Percutaneous ablation of pathological changes in the liver is a challenge for contemporary interventional radiology, which is mainly due to the size and architecture of the organ. Furthermore, different types of pathological change in the liver are not clearly visible with the imaging modalities available, which include magnetic resonance imaging (MR), computed tomography (CT), and ultrasound (US), without the use of contrast, making their use difficult during procedures [4,5,6].

The main technology that responds to these challenges are image navigation systems that allow the working tip of the operating tool to be guided to the location of the lesion [6]. Classically, image navigation systems have used preoperatively acquired layered images to create a personalized model of the patient’s anatomy through the use of position tracking systems, which also determines the position of the surgical tool during the procedure [6]. Such an approach is sufficient for the treatment of rigid organs. However, navigation systems for parenchymal organs, which incorporate intraoperative images alongside the preoperative model of the patient’s anatomy, are still in development. Use of this approach will allow for increased accuracy of image navigation systems by visualizing local deformities during the procedure, in real time [7].

Techniques for modeling breathing movements can be categorized by the degree of invasiveness of the surgical techniques they are used alongside. Minimally invasive techniques include stereoscopic laparoscopic reconstruction of point displacements on the surface of the liver. Meanwhile, non-invasive techniques include observation of breathing based on external markers placed on the surface of the abdominal cavity and recording of the abdominal surface during breathing. Selected studies on the most common invasive and non-invasive methods of respiratory movement modeling are discussed below.

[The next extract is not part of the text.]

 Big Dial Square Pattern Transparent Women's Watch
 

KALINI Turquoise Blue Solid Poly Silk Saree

Measurement of respiratory movements is also used in invasive methods that utilize laparoscopic images, and non-invasive methods that record the displacement of skin markers during the procedure. The aim of this study is to compare the invasive and non-invasive techniques used for the measurement of respiratory movements. The article discusses the theoretical basis, the proposed experiments, the results obtained, and the possibility of using these techniques to support the minimally invasive destruction of focal lesions in the liver.

2. Materials and Methods

2.1. Minimally Invasive Methods of Measuring Respiratory Movements of the Liver

Laparoscopic Stereoscopic Reconstruction of Point Displacements on the Surface of the Liver

In current state-of-the-art technology, a classic laparoscopic camera is monocular and closed in a rigid housing. There are depth reconstruction algorithms for single-monocular cameras, but due to the lack of characteristic points and the wrapping of the liver surface during respiratory movement, these techniques are very difficult to implement. This solution to this is general in nature as it works for any patient for any section of the liver surface observed by the laparoscopic camera through the trocar being placed in different positions.

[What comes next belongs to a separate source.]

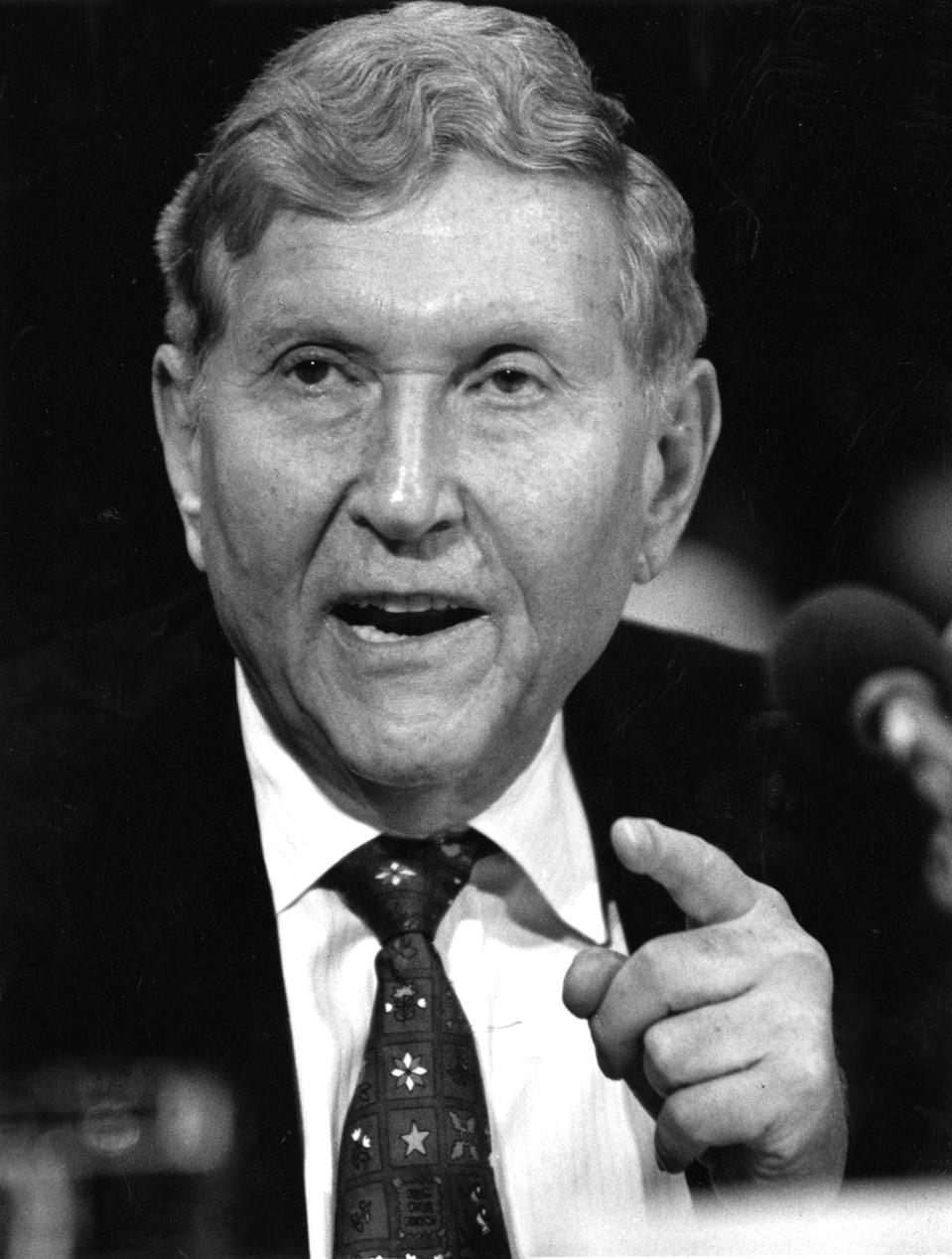 Sumner Redstone, Chairman of Viacom testifies before the Senate Judiciary Subcommittee on Antitrust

A more common and proven approach is the use of stereovision algorithms for depth reconstruction, which are based on how the human visual system reconstructs depth [8]. However, the disadvantage of this approach is the need for a laparoscopic stereo camera. Spinczyk et al. proposed a method based on a system of two calibrated laparoscopic cameras, consisting of the following stages: calibration of the laparoscopic cameras, finding points of correspondence in the images from the left and right cameras, and spatial reconstruction of the points using the triangulation algorithm in the sequence of images from the recording of the procedure [9]. The authors achieved this using point camera models and the Tsai camera calibration algorithm [10]. Correspondence of the points was determined manually and the reconstruction of the position of the point in three-dimensional space was found by solving the problem of correspondence on the basis of two monocular cameras [8]:

$$X=\mathsf{\tau }\left(P_{\mathrm{L}}, P_P,x_L, x_{P }\right)$$

(1)

where: $\mathsf{\tau }$ represents the triangulation algorithm, $P_{\mathrm{L}}, P_{P }$represents projection matrices for left and right monocular cameras, $x_L, x_{P }$ represents the coordinates of the points corresponding to the left and right cameras in the image, and X represents the position of the point of the world coordinate system (3D).

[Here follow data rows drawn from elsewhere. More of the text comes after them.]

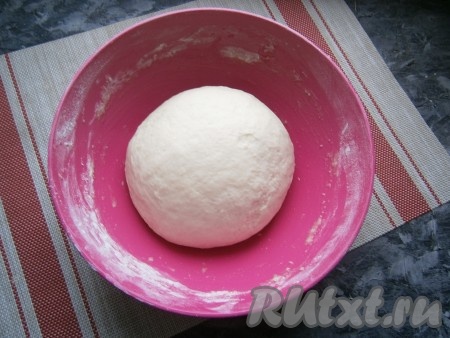 Тесто вымешивать минут 10, оно вначале будет липким, но муки много не добавляйте, ею нужно только подпылять поверхность стола. В итоге тесто должно получиться не липким и мягким. Миску смазать растительным маслом и поместить в неё тесто, накрыть плёнкой и оставить в тёплом месте на 1 час.
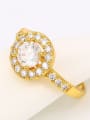 thumb Copper Alloy 24K Gold Plated Creative Ethnic Zircon Women Engagement Ring 1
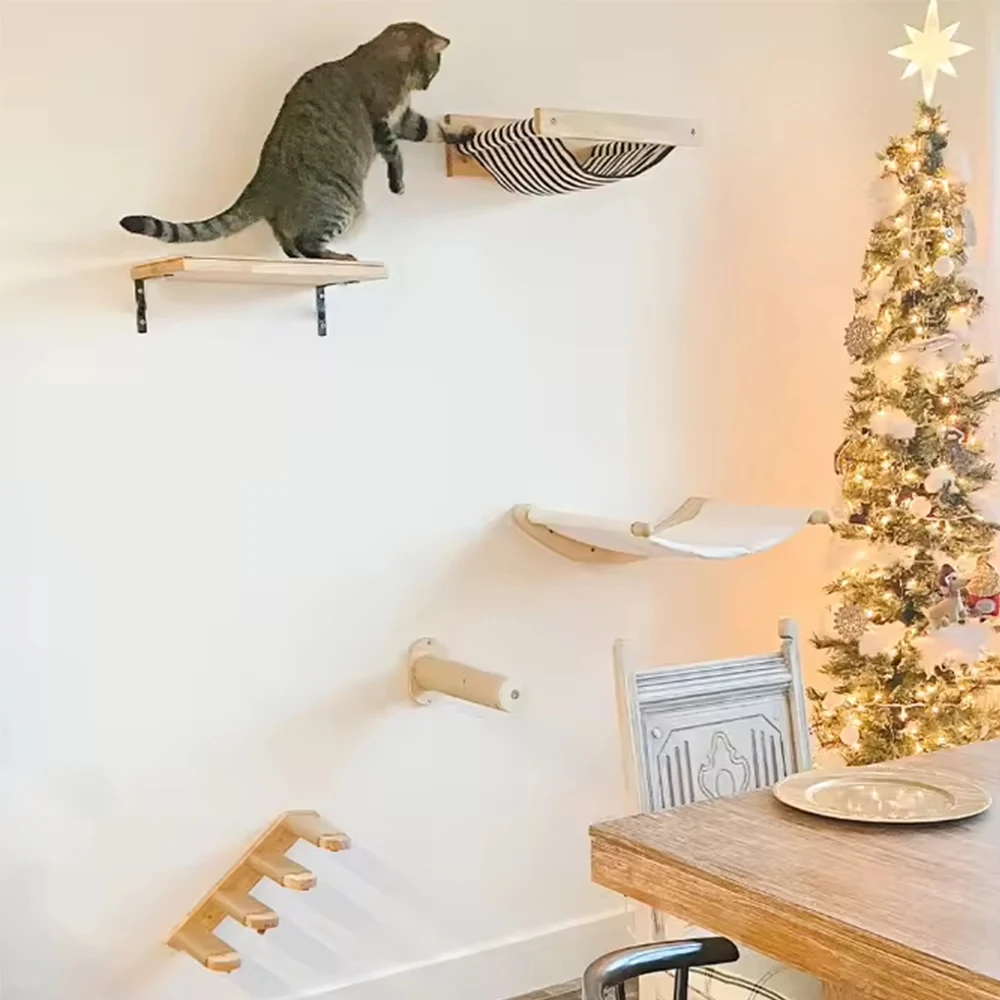 Hamaca Camas para gatos montadas en la pared Paredes de madera para gatitos Muebles Árbol de actividades para gatos con postes rascadores para dormir y jugar - imagen 5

The triangulation algorithm described above was used to reconstruct the spatial position of the points on the liver surface, observed in the content of images from monocular laparoscopic cameras. Solving the problem of reconstructing the depth of the observed scene on the basis of images of two monocular cameras required the determination of two types of correspondence:

• the relevance of the images in the video sequences of the left and right cameras—in the time domain—is described below,
• the correspondence of points in the images of the left and right cameras—in the spatial domain—was determined manually on the basis of finding local maxima in the image content.

Synchronous triggering of cameras yields the best solutions for timing. Standard laparoscopic video tracks do not have such mechanisms built in, so the research used a time-stamped approach. Each video frame received from both cameras was timestamped. In order to receive the frames evenly, the sequence from individual video cameras was received with the use of synchronized streams with the use of a frame grabber hardware card. The timestamp value was determined from the global counter value, which remains the shared resource available to said threads responsible for receiving video sequences. At the reconstruction stage, it was allowed to reconstruct on the basis of a pair of frames from both cameras, the maximum shift of the time stamps of which did not exceed the time resolution of the video sequence. If the timestamp offset did exceed this value, such frames were discarded.

Optical properties of the surface of the liver were determined by the random sampling consensus (RANSAC) [11], and the Lucas–Kanade method [12], for finding the correspondence of points.

2.2. Non-Invasive Methods of Measuring Respiratory Movements on the Patient’s Surface

The most commonly used technique is the commercially available video metric real-time patient position management system, which allows for planning of the patient’s position during radiotherapy. Schaerer et al., used an optical tracking system to track the surface of the abdomen using AlignRT, which uses the triangulation algorithm presented above. The problem of finding the spatial relevance of points was solved by projecting a stereovision pattern onto the abdominal surface using a projector integrated into the camera housing. Depending on the size of the region of interest, the system works with a time resolution in the range of 1–15 frames per second (fps). The mean error of matching the markers for the consecutive surfaces in the time sequence was 1.61 mm [13].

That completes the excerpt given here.